Of all the confirmed incident clinical vertebral fractures, 72.7% were also identified by morphometry at the same vertebral level. When the deformity was classified as severe (height loss of at least 30% and 4 mm), 54% of new clinical spine fractures were identified by morphometry at the same vertebral level. Morphometry identified 18.7% of the clinical vertebral fractures with at least 20% and 4 mm height loss but less than 30%. So, 78.3% of women with clinical vertebral fractures also had a morphometric vertebral deformity at the same level; 64.9% of women with clinical fractures had a severe deformity while 13.4% had a mild deformity.

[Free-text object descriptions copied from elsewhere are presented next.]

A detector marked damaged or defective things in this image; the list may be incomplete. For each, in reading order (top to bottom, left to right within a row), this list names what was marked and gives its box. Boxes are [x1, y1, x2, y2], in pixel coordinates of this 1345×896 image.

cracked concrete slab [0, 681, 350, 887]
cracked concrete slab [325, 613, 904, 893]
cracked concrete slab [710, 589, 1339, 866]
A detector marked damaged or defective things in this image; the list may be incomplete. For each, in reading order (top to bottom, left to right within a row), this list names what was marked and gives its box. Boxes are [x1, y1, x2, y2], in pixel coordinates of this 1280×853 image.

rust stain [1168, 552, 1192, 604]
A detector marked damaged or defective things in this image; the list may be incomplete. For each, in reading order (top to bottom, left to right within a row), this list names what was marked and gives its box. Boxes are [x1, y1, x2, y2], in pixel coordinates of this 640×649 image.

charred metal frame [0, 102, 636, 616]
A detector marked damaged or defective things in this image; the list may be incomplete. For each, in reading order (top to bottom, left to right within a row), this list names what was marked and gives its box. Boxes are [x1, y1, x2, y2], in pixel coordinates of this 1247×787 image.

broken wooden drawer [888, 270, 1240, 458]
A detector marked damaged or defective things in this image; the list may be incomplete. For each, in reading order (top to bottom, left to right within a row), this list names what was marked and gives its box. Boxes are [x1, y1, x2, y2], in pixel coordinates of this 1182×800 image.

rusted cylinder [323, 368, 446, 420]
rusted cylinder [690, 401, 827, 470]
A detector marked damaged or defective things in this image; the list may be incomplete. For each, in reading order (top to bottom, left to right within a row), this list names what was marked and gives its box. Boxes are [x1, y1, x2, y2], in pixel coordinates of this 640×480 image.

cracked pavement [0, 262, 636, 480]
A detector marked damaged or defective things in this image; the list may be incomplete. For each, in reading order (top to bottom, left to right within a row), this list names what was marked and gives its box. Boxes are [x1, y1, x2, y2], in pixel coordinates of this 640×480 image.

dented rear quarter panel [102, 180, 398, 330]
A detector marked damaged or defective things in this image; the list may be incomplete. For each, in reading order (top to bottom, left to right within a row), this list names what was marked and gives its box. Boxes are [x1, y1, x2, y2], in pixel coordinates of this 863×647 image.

Therefore, about one fourth of incident radiographic vertebral deformities were clinically diagnosed at the same vertebral level if they had a height loss of at least 20% and 4 mm height loss. Significantly one fourth of the new clinical fractures did not meet even the most liberal (at least 15% and 4 mm height loss) morphometric deformity criteria.

Underdiagnosis of Vertebral Fractures
Despite the importance of vertebral fractures, there is significant under-diagnosis of compression fractures. Gehlbach et al. [36] reported on the phenomenon in 2000 in a clinical as opposed to a research setting. They used the lateral chest radiograph to identify cases receiving medical care in a population of hospitalized older women. Fractures seen on the chest x-ray films were reviewed in conjunction with the film reports, medical record charts and discharge diagnoses. Readers were instructed to evaluate all vertebral bodies from T2 to L2. The vertebrae were classified as could not be assessed or by a system similar to the Genant semi quantitative assessment system [33••] which also included an assessment of area of the vertebral body.

All white women aged 60 years or older admitted to a single hospital between October 1, 1993 and March 31, 1997, who had a lateral chest radiograph taken during an admission were eligible to participate. Of those eligible to participate (2450), a sample of 934 individuals were selected for the final analysis. Mean age for study subjects was 75.9 years (range 60 to 97 years). The study found that most thoracic vertebrae were well visualized in the lateral chest radiographs. Vertebral deformities not related to osteoporosis were excluded (Table 1).

Detection-Table1

Results indicated that 132 moderate-to-severe compression fractures based on the Genant semi quantitative assessment system were found in the 934 patients. Eighty-one patients had single moderate-to-severe fracture; 51 had two or more fractures; of the 63 who had severe fractures 49 had single fractures, and 14 had two or more fractures. Of the 132 patients with fractures on their films, only 126 (95%) had radiology reports which could be reviewed. Of these, 65 (52%) mentioned the finding of a vertebral fracture in the narrative body of the report and 29 (23%) had fracture mentioned in the summary impression. Of the 132 patients with moderate-to-severe (grade 2 or grade 3) fractures, 19 (14%) were mentioned in the medical record notes, 11 (8%) were mentioned in the discharge summary, three were the primary diagnosis. Of the 63 with only severe (grade 3) fractures, 13 (21%) were mentioned in the medical record notes, seven (11%) in the discharge summary and only two were the primary diagnosis. Of these severe fractures, only 42 were mentioned in the descriptive radiology report and only 22 (36%) in the summary impression.

In conclusion, the authors noted that only one in every 12 hospitalized women over 60 years of age who had radiographic evidence of a thoracic vertebral compression fracture had such mentioned as one of the discharge diagnoses. Thus, it was apparent that a gap was present in recognition and application of the significance of vertebral fractures to patient care. The study also confirmed that careful evaluation of hospital admission lateral chest x-rays in older white women would be a good way to screen for and detect vertebral fractures.

More recent studies have expanded upon the underdiagnosis of prevalent vertebral fractures on x-rays from clinical settings rather than research settings.

Majumdar et al. [37] reviewed prevalent vertebral fractures discovered on chest radiographs taken in an emergency room setting. They selected an approximate 10% (500) sample of the 5083 people older than 60 years who had chest x-rays taken. The x-rays were reviewed for the presence or absence of a moderate-to-severe vertebral fracture (based on the Genant SQ assessment) [33••].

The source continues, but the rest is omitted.